Near where we find the town of Llançà today is the site of the ancient city of Deciana. Founded in 218 B.C. this town was close to the Roman road, which formerly divided into two different routes in Roussillon so as to cross the Pyrenees by the mountain passes of La Maçana and Le Perthus. After the destruction of Empùries by Hasting and his Norman troops in 862 A.D., and out of fear of the constant incursions of Saracen pirates, the inhabitants of the Empordà coast decided to move inland. Thus, the town of Llançà was built near the sea, but almost completely concealed from it.

In 10th-century parchments from the monastery of Sant Pere de Rodes we find frequent references to the name Vall Lanciana or Vall Lanciani, which recalls the former name of Deciana, and from which we think the present name of Llançà is derived.

In spring 1344 Ramon Berenguer, the second Count of Empùries in the second dynasty of that name, rebelled against the King of Aragon, Pere IV. The Count imprisoned in Llançà a large number of knights from Roussillon who defended the King.
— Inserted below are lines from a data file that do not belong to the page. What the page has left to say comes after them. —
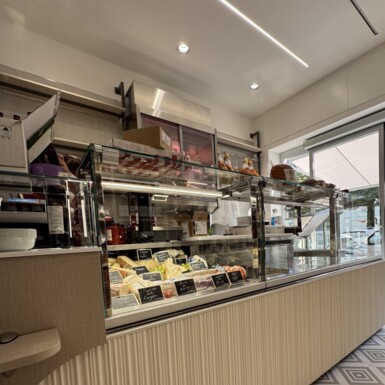 Locale Gastronomia Gusto Milano zona Piceno - 3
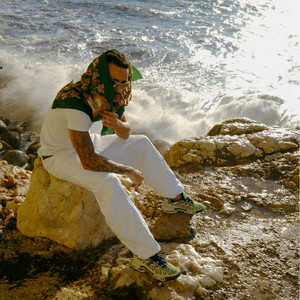 Conheço Meu Lugar (Explicit)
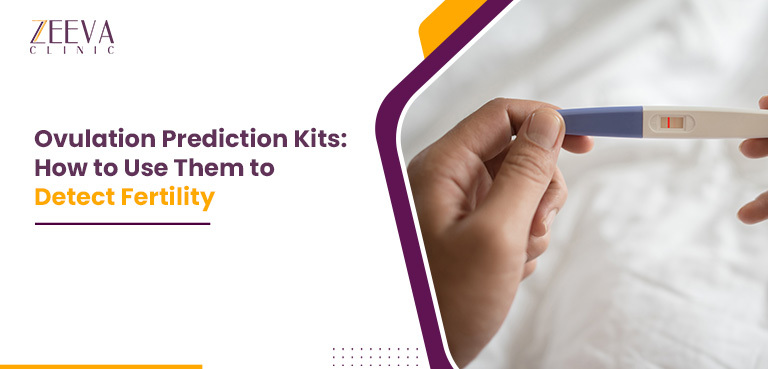 Ovulation Prediction Kits: How to Use Them to Detect Fertility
Pere IV unexpectedly turned up in Figueres and put the Count of Empùries on trial, although he finally pardoned him thanks to the entreaties of his family.

In 1659, the year of the signing of the Treaty of the Pyrenees, the French claimed Llançà and tried to fix the frontier at the Cap de Creus, but it was subsequently agreed to make it pass through the Cap de Cerbère.

The chapel of the Port was built in 1692.

In the mid 18th century, the present parish church dedicated to Saint Vincent was built on top of the remains of an old Romanesque church that had existed since the year 974 under the jurisdiction of the Abbot of Sant Pere de Rodes.

Between 1718 and 1720 the economy started to develop with the exporting of wine and oil.

In 1787 it is said that there were about a thousand inhabitants in the town.

When the French tried to capture Roses in 1793, they were defeated at Llançà. As memorials to the town’s historic past we have only the 18th century baroque parish church and the Romanesque tower dating from the 13th or 14th century. These two monuments are situated in the Plaça Major in the Old Town of Llançà, and everything must be done to preserve them.

The church and the tower are the two characteristic landmarks of Llançà’s urban architecture that can be seen from all the approaches to the town. The “Tree of Liberty” was planted in 1870 to express the town’s sense of democracy.

The historic core of the town grew up around the parish church and was bounded by the three streets named Dins la Vila, Major and Església. In the Port of Llançà there were old fishermen’s houses that have since been restored. This area has in modern times become a tourist and residential centre.

In the 1960′s tourism caused urban expansion and population growth that led to an increase in dynamism and the transformation of the town. During this time townspeople started to take up new trades that were more attractive and offered the chance to make money: shopkeepers, waiters, builders, and so on.